We ask ourselves what God is like because this is the big question in life. Maybe not the first question. The first question might be, “Is there a god?” Of course, we have no scientific proof there is, which is fine, because it isn’t a question for science. What we have are moments and experiences of transcendence, times when we feel deeply loved and known by a spirit beyond ourselves, an encounter unlike any other encounter. These encounters transcend cultures and religions, and are so significant, so real to us, we cannot easily dismiss them. Our shorthand word for that experience is God, which raises the second question, “If there is a god, what is God like?”
Our answer to that question influences our behavior. If we believe God is an all-knowing, all-powerful ruler who must be obeyed, then you and I will be slaves, stripped of freedom, treated with contempt, groveling to a tyrant in the sky who demands our conformity or else. In my experience, a good many people who believe in God believe in that kind of god. I have never experienced that god. Indeed, if that is who God is, I want it known that I am an atheist, having no interest in bowing to a celestial Hitler.
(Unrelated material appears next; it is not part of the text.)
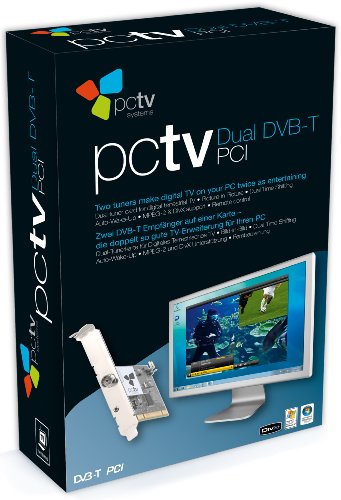 Hauppauge PCTV Dual DVB-T Pro PCI 2000i DGB von Hauppauge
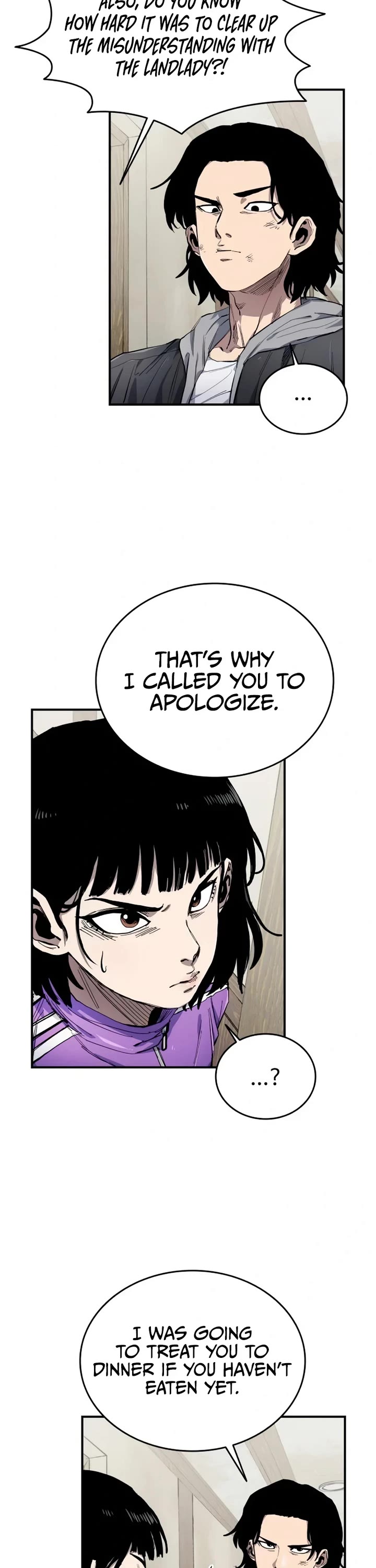 High Class Chapter 7 page 22 - Chapter 7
It has also been my experience that those who do believe in that kind of god, having made their peace with tyranny, are more likely to tyrannize others, believing it their sacred duty. This is the god of Christian Nationalism, a god whose mercy, what little of it there is, is confined to a tribe or nation or religion. This is the god of fundamentalists everywhere. It is the god of closed minds, hardened hearts, and militant ignorance. It is the god of those who turn hate into law.
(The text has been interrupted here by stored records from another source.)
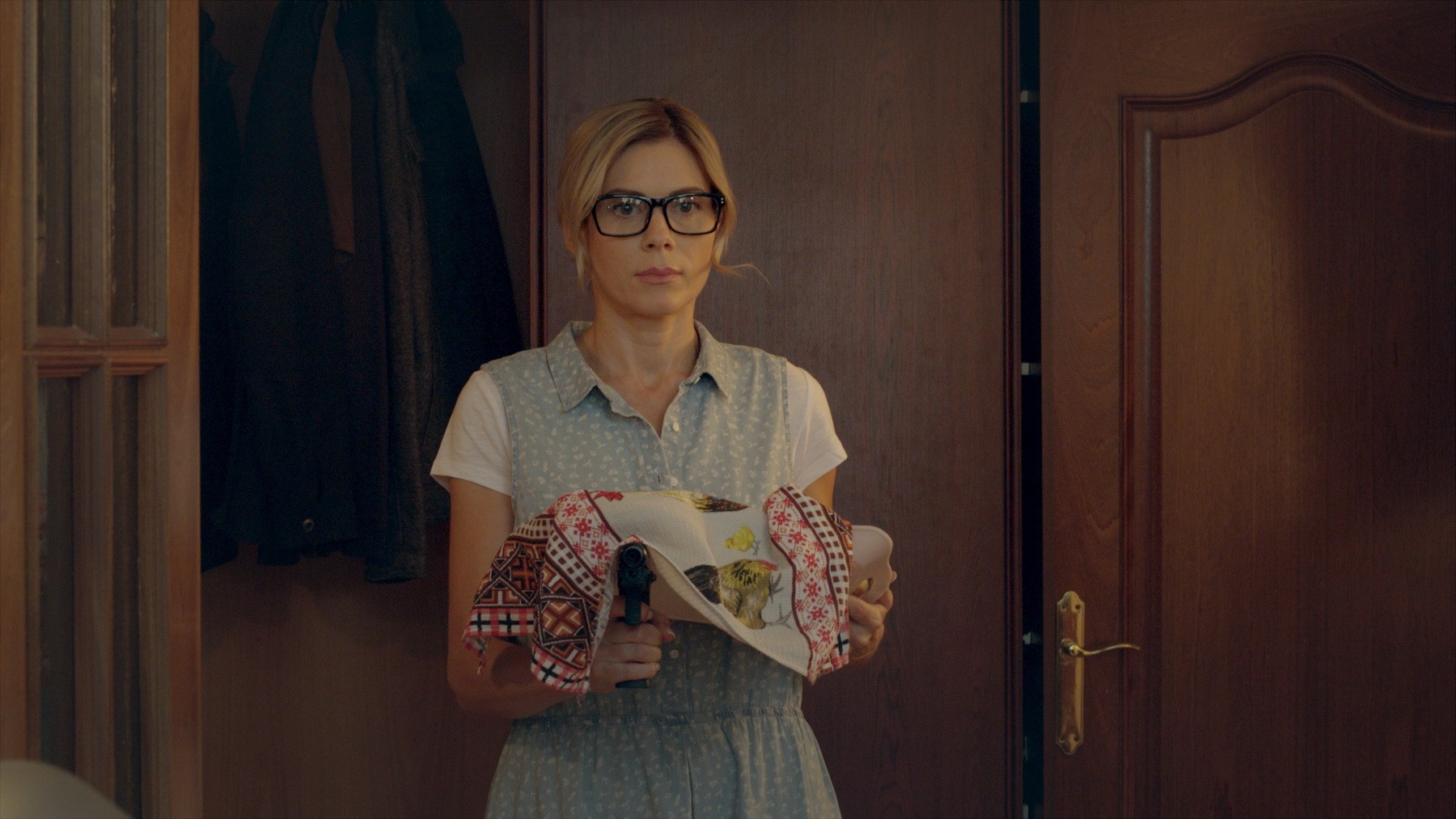 Сериал Правила механика замков (2019). Кадр N153504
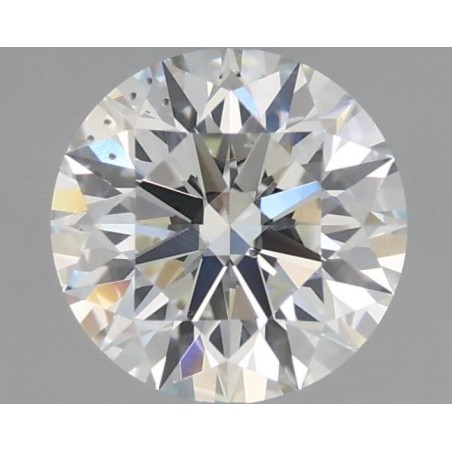 Diament szlif okrągły, 1.04ct, SI1, G, GIA 6502931425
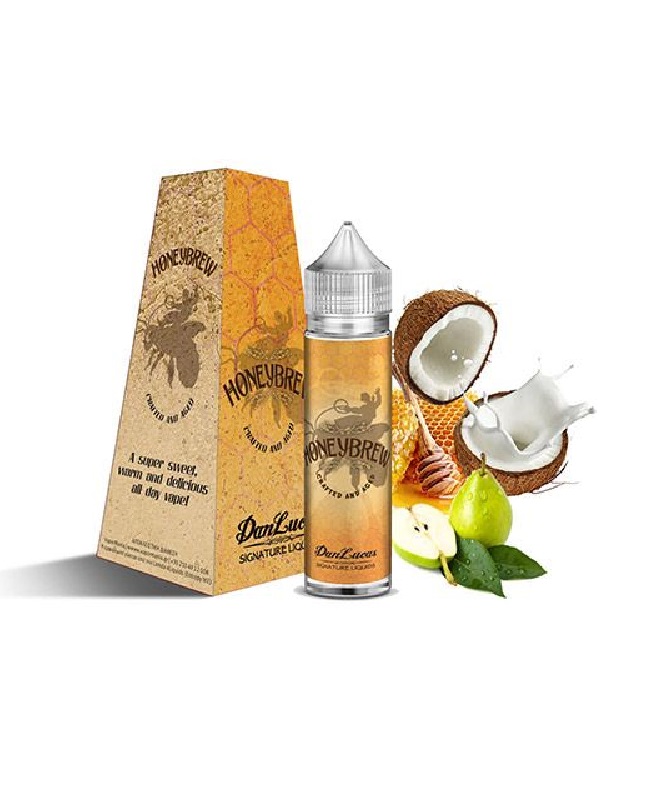 images Dan Lucas - Honeybrew 60ml - Image 1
Wherever and whenever people are reviled and rejected, there this god is found. When this god finally dies, when it can not find lodging in any human heart, the world will be a far lovelier place.
I have not seen God, but I have enjoyed moments of deep and profound joy. I have enjoyed moments of clarity when my path and duty became clear. I have enjoyed moments of forgiveness and acceptance when self-hatred threatened to overwhelm me. I have enjoyed moments of reconciliation when my anger and hatred gave way to compassion and understanding. I have enjoyed moments of insight, when wisdom beyond my customary capacity helped me know things I would not otherwise have known. I have enjoyed moments of love when I have been entirely consumed, overwhelmed, with affection for others.
Throughout my life, I have heard others say the same, so believe the experiences I’ve described are not unique to me, but are common to all humanity, transcending religion, culture, and race. I believe these experiences are rooted in a Spirit within us all, which I call God. This spirit calls us to love when it is easier to hate, calls us to share when it is tempting to accumulate, calls us to embrace when we would rather shake the fist, calls us to listen when we are tempted to rant, calls us to create when we are inclined to destroy.
To be made in the image of this God is to aspire always to be our best selves, the finest humans we can be, and to, when the day is done, lie down in peace, our hearts full and conscience untroubled, knowing we are both loved and called to love. That, to me, is God, in whom we live and move and have our being.